With rising geopolitical tensions and soaring demand for rare earth elements, the UK must invest in midstream critical mineral processing to reduce reliance on China and secure its defence, energy, and technology sectors, says Nitesh Shah
I have over 30 years’ experience across commodities, mining and advanced materials –watching as the UK and the West first externalised their critical mineral supply chains to China – and then over the past few years rush to regain control of these essential assets.
China dominates between 80 – 100 per cent of the rare earth elements (REEs) market. The US imports 74 per cent of its REEs from China, whilst the UK imports at lower levels – because we import more finished goods. These risks are set to be compounded as demand for REEs grows massively over the coming years – driven by the energy revolution, the move to advanced electronics and AI, and by defence requirements.
The war in Ukraine and the escalation of US-China trade tariffs have been the spotlights that have illuminated the need for Western independence from Russian and Chinese supply chains. Recent US – Chinese trade tensions resulted in April’s announcement by China of further export controls upon 7 REEs – including elements like scandium and its alloy aluminium scandium – which has unique application in advanced semiconductor manufacturing. These controls have been a shock to the critical materials supply chain – but a necessary one.
Critical minerals are central to defence
The greatest threats beyond the semiconductors and electronics sectors are within defence. Across fighter jets, nuclear submarines, anti-drone defences, ballistics, advanced defence electronics – critical minerals are central – critical minerals from China. The UK has no domestic primary sources and an underinvested midstream. Currently everything must be imported, so this month’s Strategic Defence Review is welcomed in recommitting the UK government to its March pledge to establish UK Defence Innovation – and with £400 million – so scaling-up UK technologies which align with building-out UK critical mineral security.
The new UK critical minerals strategy being published this month – and the new industrial strategy also out this month, look to combine critical mineral demand with UK industries future requirements across sectors including advanced manufacturing, defence and clean energy. The previous government’s critical mineral strategy (2022) built a very basic framework but one too general and it missed the opportunity to utilise the resources and expertise of the UK – particularly midstream processing. Small-scale funding came later – £15m for the CLIMATES programme. Compare this with Canada, for example, which backed its own strategy with nearly $4bn in its 2022 budget. In the words of the founder of one the UK’s leading critical minerals mining operations, the UK’s strategy was “a wish list with no substance in terms of finance”.
The UK’s limitations mean we have to focus more acutely upon our advantages – we have few natural resources bar lithium, tin and tungsten – but we do have the City and the opportunity to lead in critical mineral financing, we have great human capital and fundamentally these recent critical mineral shocks should provide the impetus for UK Plc to orient itself around one of its key advantages – as a global midstream player.
Why is the midstream so important?
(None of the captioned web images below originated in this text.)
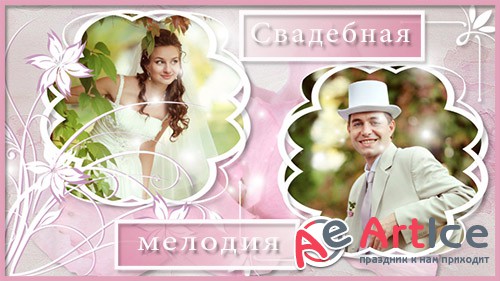   -   ProShow Producer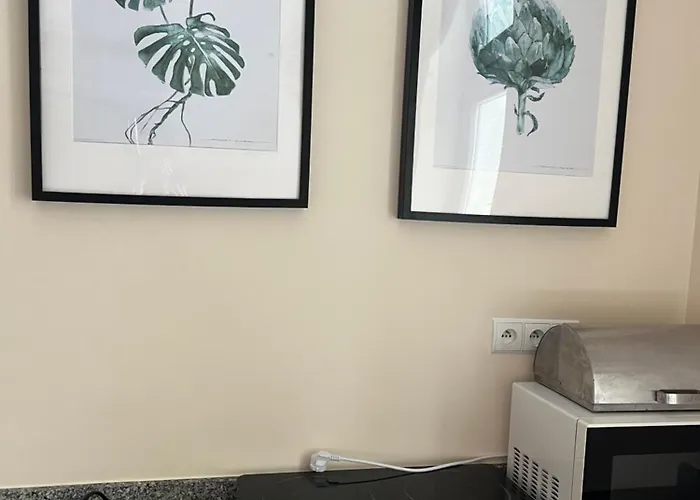 Wave 80m2 100m Od Plazy * Sopot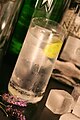 Gin Tonic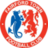 live-team-icon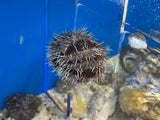 Halloween Urchin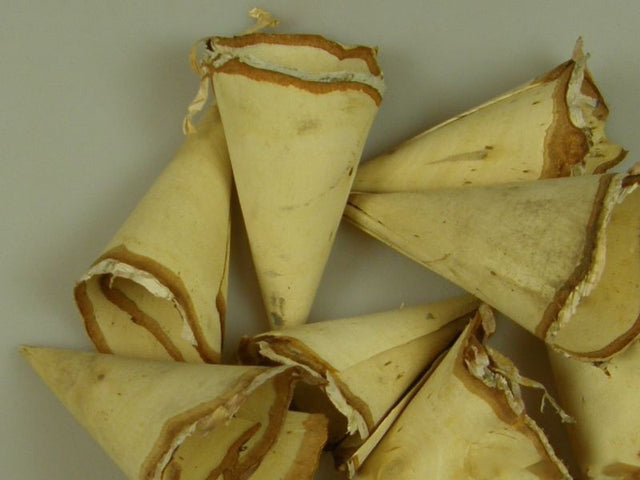 imagine produs Conuri din mesteacan 8x7cm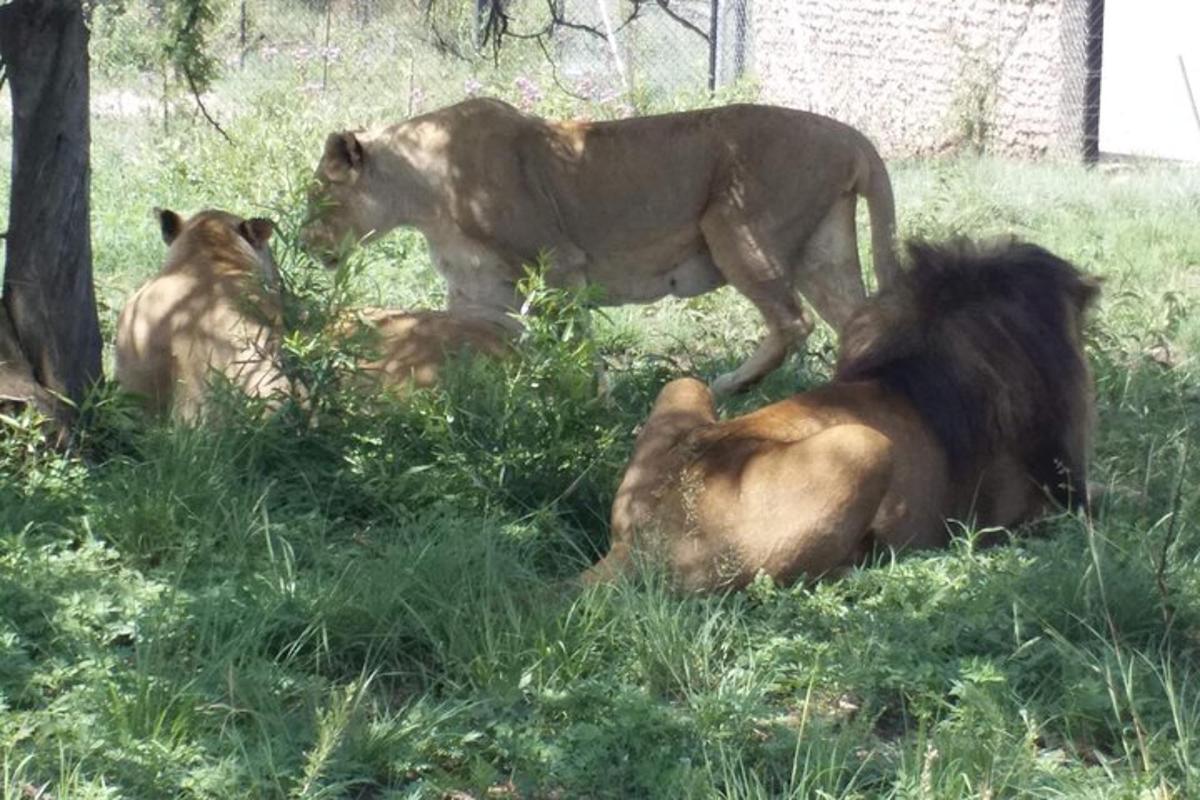 Δύο λιοντάρια στέκονται στο γρασίδι με τρία λιοντάρια ξαπλωμένα στο γρασίδι
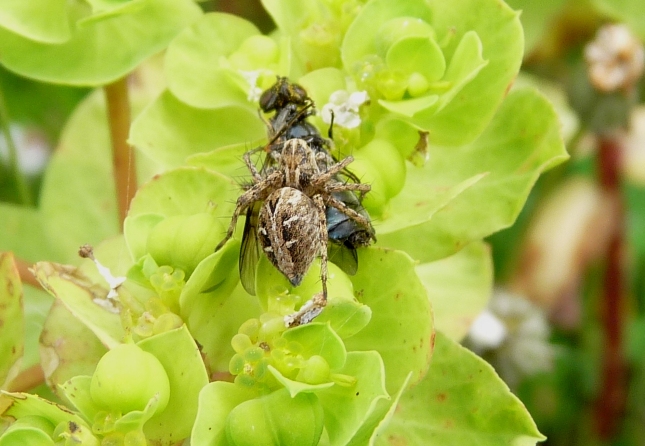 Piccolo Oxyopidae con preda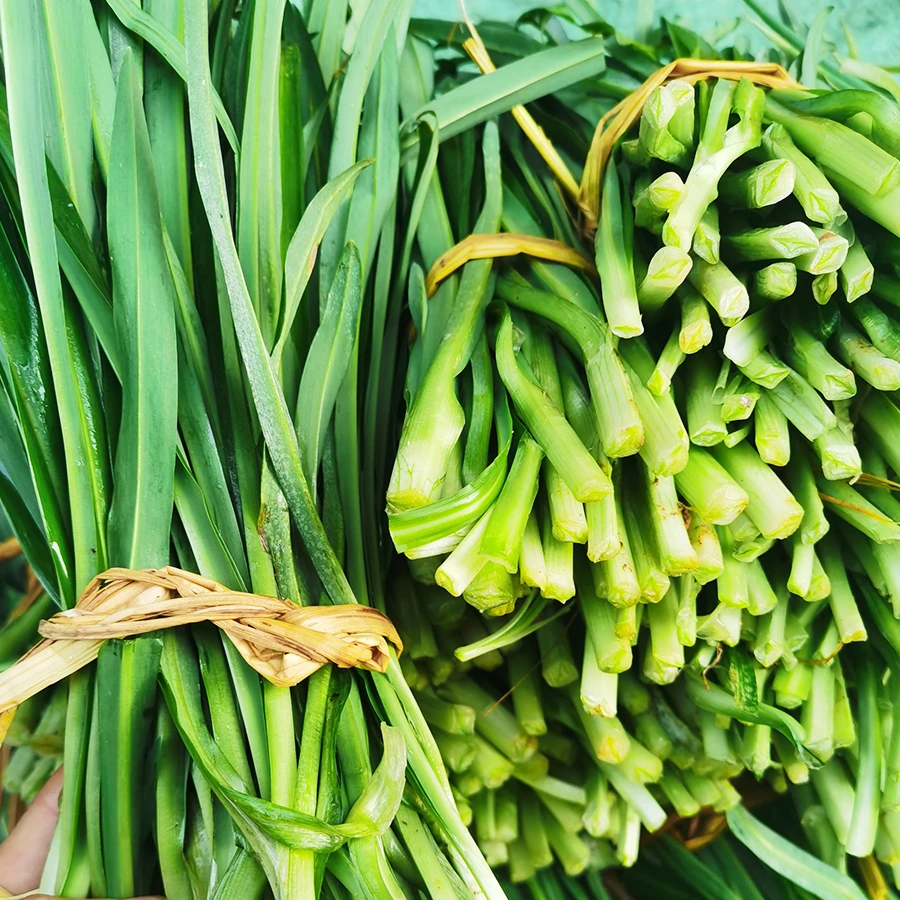 韭菜农家菜园大小叶韭菜贵州特产新鲜韭菜宽叶家乡菜现割保鲜包邮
Take magnets as the example: required in wind turbines, EVs and military aircraft. China controls over 70 per cent of the REEs required – but in terms of the processing of the material into usable metal for downstream applications, this figure rises to around 87-89 per cent. Although in recent years the UK and the US has seen extensive funding for new magnet production with greater mining and manufacturing occurring in the West, midstream processing is still within China. And this midstream risk applies to all REEs and many critical minerals.
Companies like mine – based in South Yorkshire – an advanced materials midstream processor focussed on reducing oxides of critical minerals including REEs like aluminium scandium alloys – into critical material metal, alloy and high entropy alloy powders with partners and customers across the semiconductor, capacitor, hypersonics, space, defence and clean energy sectors – can at scale provide UK domestic midstream capacity that can radically derisk western critical material supply chains.
Given present geopolitics – our hopes are that the new critical minerals and industrial strategies will finally make midstream the centrepiece – and that funding will finally match ambition.